Australian government will be implementing the National Consumer Protection Framework for wagering, which will lead to a number of social responsibility initiatives, in 2019.
The framework contains a 10-point action plan, which was charted as a response to the 2015 O’Farrell Review of the country’s gambling industry. The imminent implementation had has overcome many hurdles: such as Queensland’s refusal to commit to the framework, preferring to develop its own strategy. Most of the hurdles seem to have been cleared.
“The measures are designed to reduce the harm that can be caused to individuals and their families by excessive or at-risk online wagering,” the country’s Federal Minister for Families and Social Services Paul Fletcher explained. “The National Framework will apply to about 2.5 million active online wagering accounts, or about a million people in Australia.”
Two of the new measures have already been introduced, with a prohibition on lines of credit being offered by bookmakers and links between payday lenders and licensed wagering operators implemented from February 2018. This saw operators banned from taking advertising from payday loans companies on their websites, and from referring customers or providing customer information to lenders.
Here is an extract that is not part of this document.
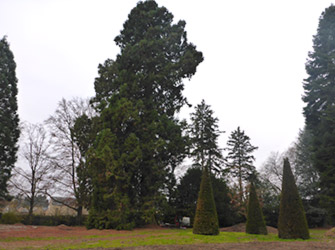 Yves Kessler Vegetationstechnik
Within three months of the National Consumer Protection Framework coming into force, operators will then have to reduce the window in which customers have to verify their identity with bookmakers from 90 to 21 days. This is designed to prevent minors from gambling and ensure self-excluded customers cannot create new accounts.
There are other time-bound provisions to implement too: compliance of bookies with certain regulations on gambling marketing; mandatory provision of account summary to gamblers and a national self-exclusion scheme.